Mou Meng Gung Fu said:


> Bai Jong or Bi-jong is what Bruce Lee refered to as the "small phasic bent-knee stance" or JKD "on-guard position," from what I understand. It combines elements from Wing Chun, Western Boxing and Western Fencing if you want to get technical. The strong-side forward comes from fencing. JKD's lead jab comes from fencing. The spring-leg forward posture and raised rear heel comes from boxing. The elbows in and centerline focus comes from wingchun. It is actually obvious just by looking at Bai Jong from both a front and side view. The very concept of "intercepting" (Jeet) comes from fencing elements in Jeet Kune Do, and all stances are transitional in Bruce Lee's eyes. Sometimes he did stand in more of a sideways fencing stance, but that was transitional as well, and even then we see Bruce Lee's guard. He never strays from the centerline, and he always sinks his body in like a wingchun master. And I heard on a documentary once (I think it was Bruce Lee: A Warrior's Journey) that Bruce Lee was the youngest Wing Chun master to emerge from Grandmaster Yip Man's school. This documentary had Linda Lee Cadwell, Dan Inosanto, Kareem Abdul Jabbar, and many other credible JKD experts giving interviews. It seemed quite legit to me, seeing as Bruce Lee started teaching Wing Chun to students in Seattle in 1959, as soon as he came to the states. This would've been too early for him to have mastered Wing Chun under Fook Yeung, but that doesn't mean he wasn't Fook Yeung's student (in Hung Suen Wing Chun) in 1959, the same time he was Shiu Han Sang's student (in Jeet Kune). His fencing and boxing experience came not just from books and videos either. He learned Epee Fencing from his brother Peter Lee in Hong Kong, which is where he also learned Western Boxing from a guy named Brother Edward between 1957-1958, so all of these different experiences molded Bruce Lee in his invention and development of Jeet Kune Do and it's unique Bai Jong fighting man stance. Hope this helps. Take it with a grain of salt. I'm not an expert on JKD.
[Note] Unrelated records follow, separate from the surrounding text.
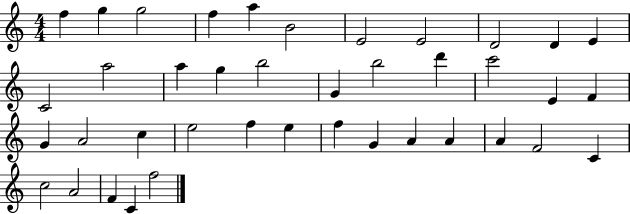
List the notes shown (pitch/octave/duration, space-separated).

F5/q G5/q G5/h F5/q A5/q B4/h E4/h E4/h D4/h D4/q E4/q C4/h A5/h A5/q G5/q B5/h G4/q B5/h D6/q C6/h E4/q F4/q G4/q A4/h C5/q E5/h F5/q E5/q F5/q G4/q A4/q A4/q A4/q F4/h C4/q C5/h A4/h F4/q C4/q F5/h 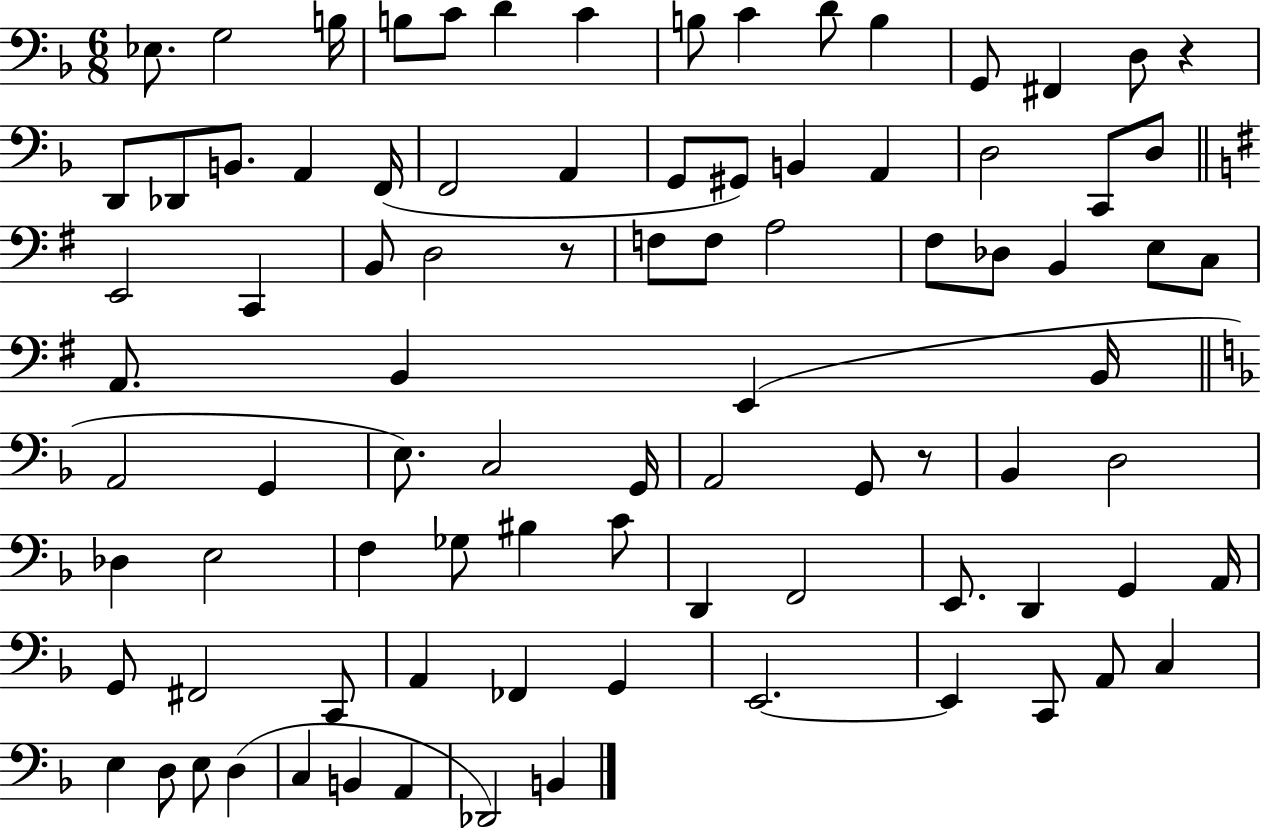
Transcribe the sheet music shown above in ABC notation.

X:1
T:Untitled
M:6/8
L:1/4
K:F
_E,/2 G,2 B,/4 B,/2 C/2 D C B,/2 C D/2 B, G,,/2 ^F,, D,/2 z D,,/2 _D,,/2 B,,/2 A,, F,,/4 F,,2 A,, G,,/2 ^G,,/2 B,, A,, D,2 C,,/2 D,/2 E,,2 C,, B,,/2 D,2 z/2 F,/2 F,/2 A,2 ^F,/2 _D,/2 B,, E,/2 C,/2 A,,/2 B,, E,, B,,/4 A,,2 G,, E,/2 C,2 G,,/4 A,,2 G,,/2 z/2 _B,, D,2 _D, E,2 F, _G,/2 ^B, C/2 D,, F,,2 E,,/2 D,, G,, A,,/4 G,,/2 ^F,,2 C,,/2 A,, _F,, G,, E,,2 E,, C,,/2 A,,/2 C, E, D,/2 E,/2 D, C, B,, A,, _D,,2 B,, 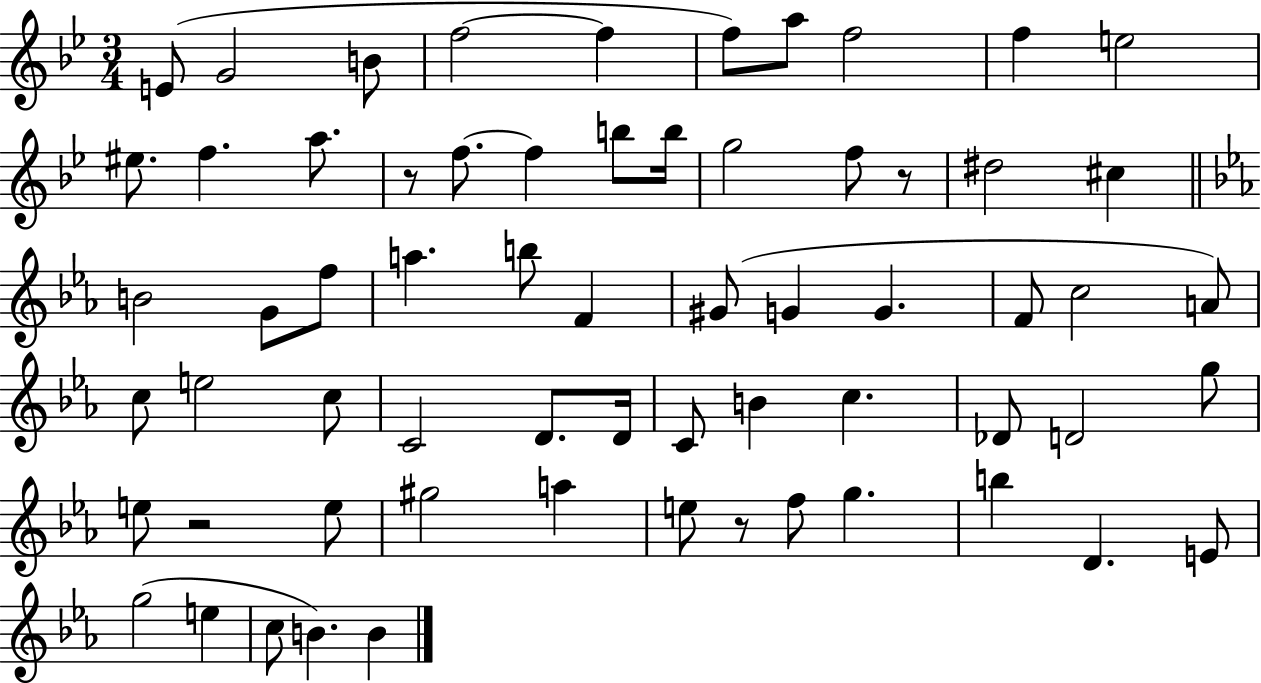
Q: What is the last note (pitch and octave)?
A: B4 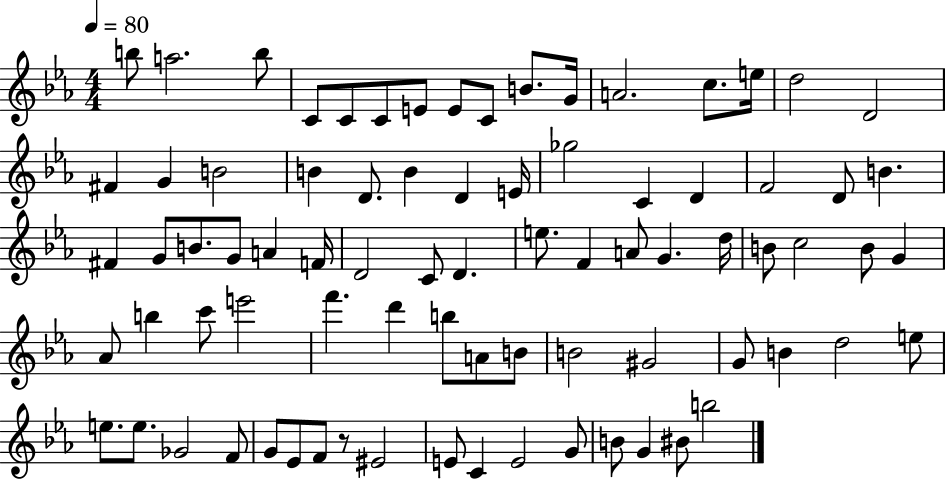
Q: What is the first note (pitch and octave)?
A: B5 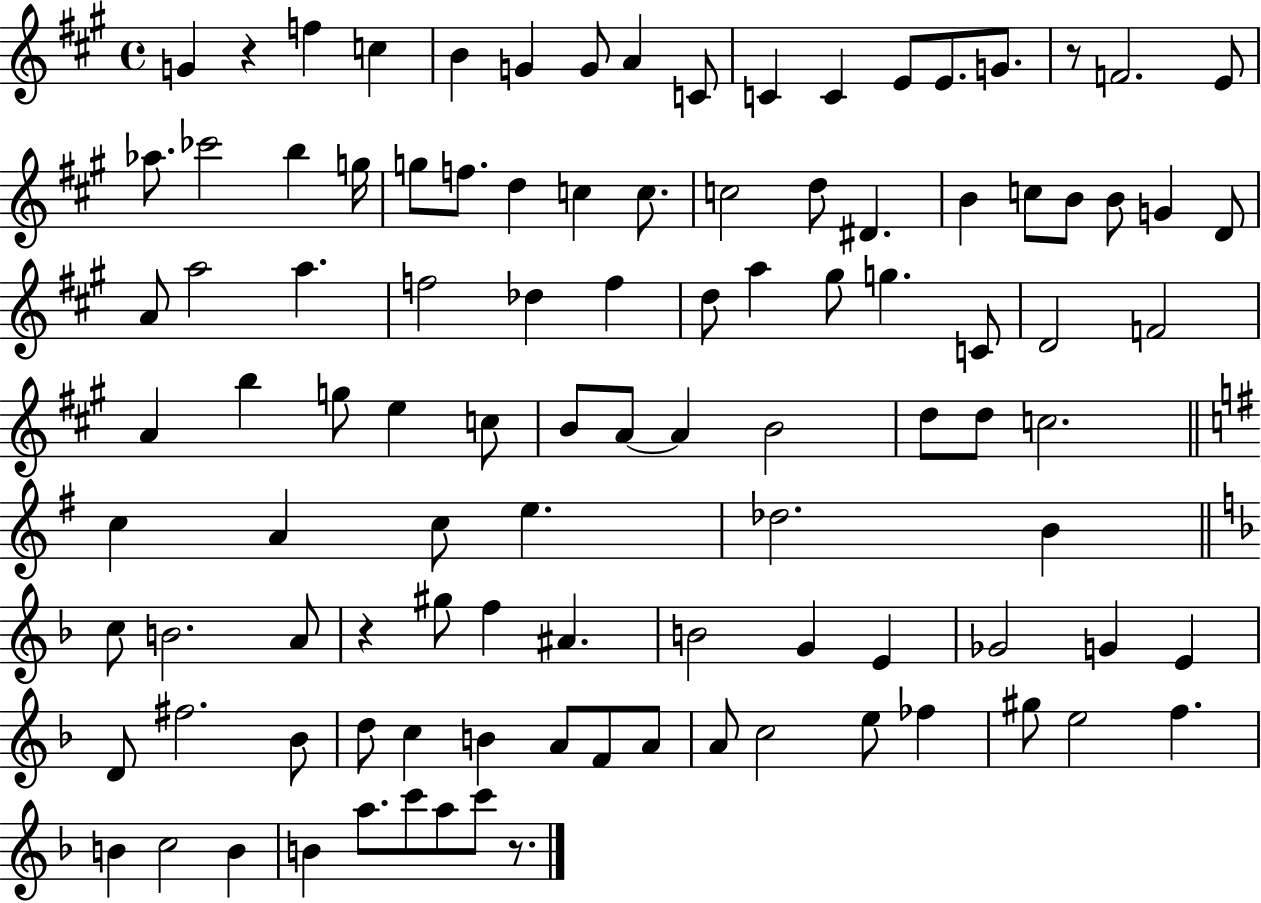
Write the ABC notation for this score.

X:1
T:Untitled
M:4/4
L:1/4
K:A
G z f c B G G/2 A C/2 C C E/2 E/2 G/2 z/2 F2 E/2 _a/2 _c'2 b g/4 g/2 f/2 d c c/2 c2 d/2 ^D B c/2 B/2 B/2 G D/2 A/2 a2 a f2 _d f d/2 a ^g/2 g C/2 D2 F2 A b g/2 e c/2 B/2 A/2 A B2 d/2 d/2 c2 c A c/2 e _d2 B c/2 B2 A/2 z ^g/2 f ^A B2 G E _G2 G E D/2 ^f2 _B/2 d/2 c B A/2 F/2 A/2 A/2 c2 e/2 _f ^g/2 e2 f B c2 B B a/2 c'/2 a/2 c'/2 z/2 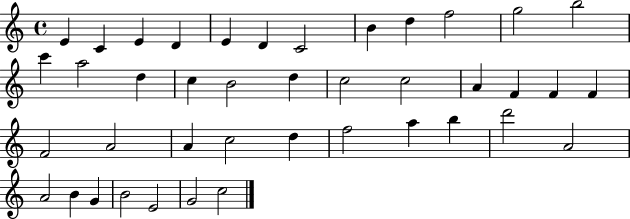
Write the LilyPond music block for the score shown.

{
  \clef treble
  \time 4/4
  \defaultTimeSignature
  \key c \major
  e'4 c'4 e'4 d'4 | e'4 d'4 c'2 | b'4 d''4 f''2 | g''2 b''2 | \break c'''4 a''2 d''4 | c''4 b'2 d''4 | c''2 c''2 | a'4 f'4 f'4 f'4 | \break f'2 a'2 | a'4 c''2 d''4 | f''2 a''4 b''4 | d'''2 a'2 | \break a'2 b'4 g'4 | b'2 e'2 | g'2 c''2 | \bar "|."
} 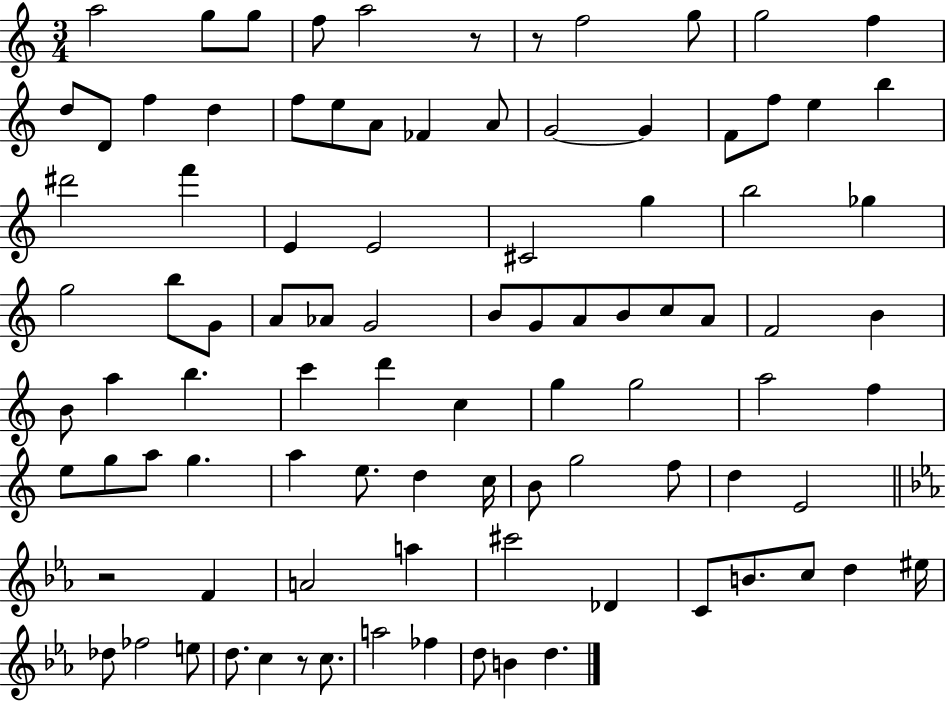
{
  \clef treble
  \numericTimeSignature
  \time 3/4
  \key c \major
  a''2 g''8 g''8 | f''8 a''2 r8 | r8 f''2 g''8 | g''2 f''4 | \break d''8 d'8 f''4 d''4 | f''8 e''8 a'8 fes'4 a'8 | g'2~~ g'4 | f'8 f''8 e''4 b''4 | \break dis'''2 f'''4 | e'4 e'2 | cis'2 g''4 | b''2 ges''4 | \break g''2 b''8 g'8 | a'8 aes'8 g'2 | b'8 g'8 a'8 b'8 c''8 a'8 | f'2 b'4 | \break b'8 a''4 b''4. | c'''4 d'''4 c''4 | g''4 g''2 | a''2 f''4 | \break e''8 g''8 a''8 g''4. | a''4 e''8. d''4 c''16 | b'8 g''2 f''8 | d''4 e'2 | \break \bar "||" \break \key c \minor r2 f'4 | a'2 a''4 | cis'''2 des'4 | c'8 b'8. c''8 d''4 eis''16 | \break des''8 fes''2 e''8 | d''8. c''4 r8 c''8. | a''2 fes''4 | d''8 b'4 d''4. | \break \bar "|."
} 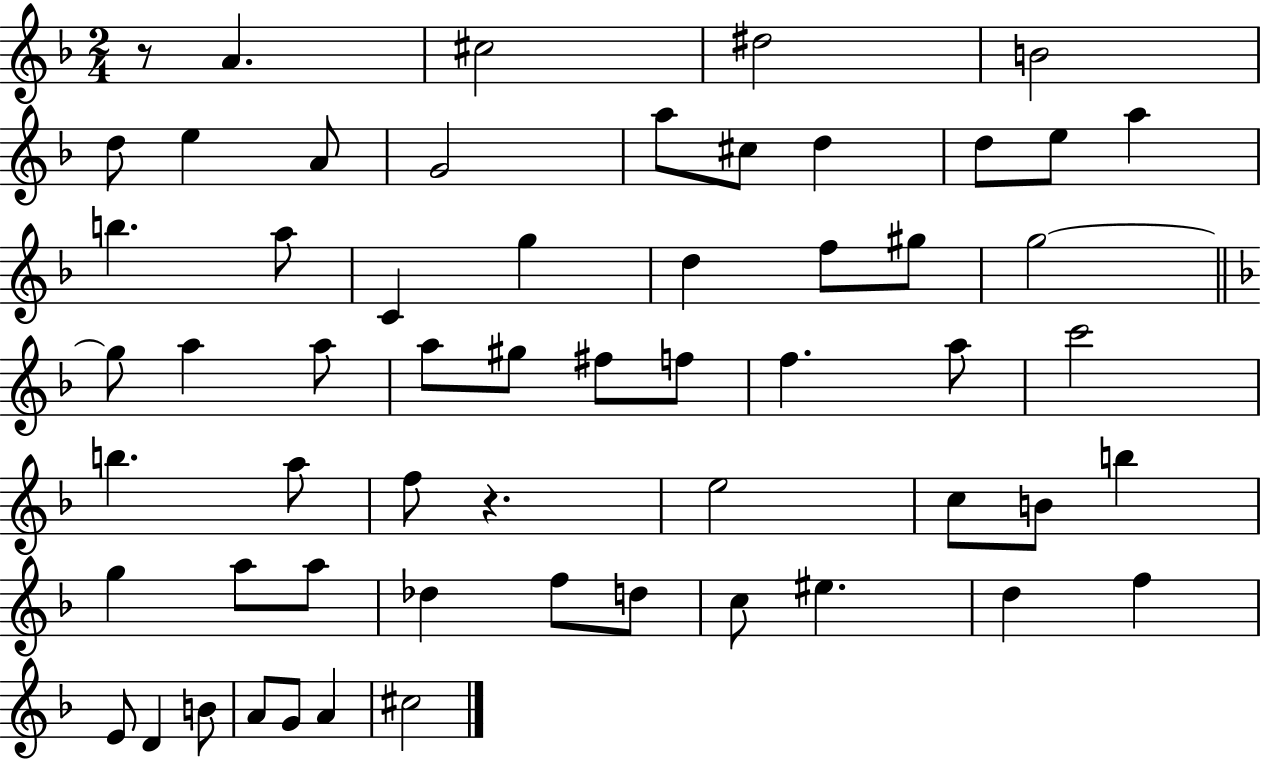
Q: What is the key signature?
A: F major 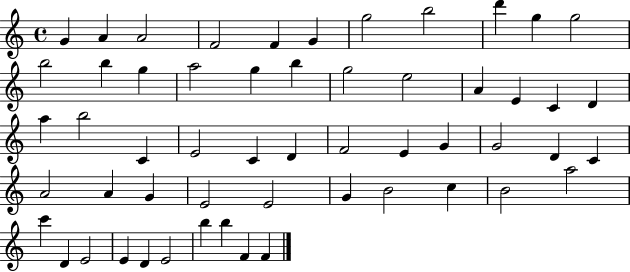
X:1
T:Untitled
M:4/4
L:1/4
K:C
G A A2 F2 F G g2 b2 d' g g2 b2 b g a2 g b g2 e2 A E C D a b2 C E2 C D F2 E G G2 D C A2 A G E2 E2 G B2 c B2 a2 c' D E2 E D E2 b b F F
Could one not also argue that the "intercepting" bit also comes from Wing Chun?  At least how I have been taught one of the reasons for how we strike is because the strike can, almost incidentally, become a defense because the centerline concept will inevitably result, at times, with your attacks naturally intercepting the attacks of the opponent.  I can't tell you how many times in sparing how I simply opened my hand while punching and it becomes a _pak sau _or when my strike "just" becomes a_ tan.
_
My first martial art was foil fencing and I was always impressed with the similarities, it first clicked for me when I did a _huen _after covering.  I thought "riposte!!!!!"


----------



## Mou Meng Gung Fu

Juany118 said:


> Could one not also argue that the "intercepting" bit also comes from Wing Chun?  At least how I have been taught one of the reasons for how we strike is because the strike can, almost incidentally, become a defense because the centerline concept will inevitably result, at times, with your attacks naturally intercepting the attacks of the opponent.  I can't tell you how many times in sparing how I simply opened my hand while punching and it becomes a _pak sau _or when my strike "just" becomes a_ tan.
> _
> My first martial art was foil fencing and I was always impressed with the similarities, it first clicked for me when I did a _huen _after covering.  I thought "riposte!!!!!"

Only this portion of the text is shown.